Through her work at www.cato.ru, Krasinskaya now tries to educate Russians and others about the difference between a corrupt “crony capitalism” and the true free market system. She believes the work will be hard because of what she sees as a cultural bias among Russians in favor of governmental authority. That bias, she says, explains why “there are still people in Russia who think Stalin was a great leader.” Krasinskaya cites the high approval ratings of the Putin regime as a sign that in Russia there is “an idea that power is just good. People trust power, as opposed to the distrust found in the West.”
How can this mindset change? Uglova is clear about the Soviet Union’s impact on her intellectual development: “I don’t think I would be a libertarian if I hadn’t been born in Moscow.” But she added that her experiences as an American were also instrumental in her conversion to libertarianism. Because her family was fortunate enough to have a comfortable lifestyle, and she had nothing to compare it with, for a long time she did not see her childhood in Russia as particularly unfree. She left Russia with her family in 1992, when she was eight years old. But on a return visit to Russia as a teenager, her impressions changed. “I realized what a sham it was and how pathetic it was compared to living conditions in America.”
This experience, she says, confirmed to her the power of the free market, and the power of ideas to create social change. “People given access to ideas will realize there are other means.” Uglova now puts that philosophy into practice at Cato, where she records interviews with Cato scholars and then beams these ideas out to the world on the Internet.
But like Krasinskaya, Uglova is disturbed by many Russians’ nostalgia for the old days of communism.
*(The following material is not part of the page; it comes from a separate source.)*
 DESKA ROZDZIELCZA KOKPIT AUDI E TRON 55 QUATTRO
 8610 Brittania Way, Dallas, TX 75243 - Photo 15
According to her, many people over 40 in Russia think, “at least we had money under the Soviet Union; now we have to fend for ourselves.” But she also believes that the younger generation is more “entrepreneurial” and has taken to post–Berlin Wall liberty with more vigor than its elders.
She is not alone in this assessment. Yana Vinnikov, who works in development for Cato, was born in Ukraine in 1982. She left that country for Texas not long before the fall of the Berlin Wall, but on a recent return visit she was impressed by the number of people her age who are also skeptical of government authority. “I think Eastern Europe has more libertarians than anyplace else in the world,” she says.
Vinnikov is hopeful that the former Soviet bloc will continue to supply the United States—and Cato—with young thinkers who have a special insight into the benefits of a free society. “If more of them started coming over, you’d have a lot more libertarians in the United States,” she says.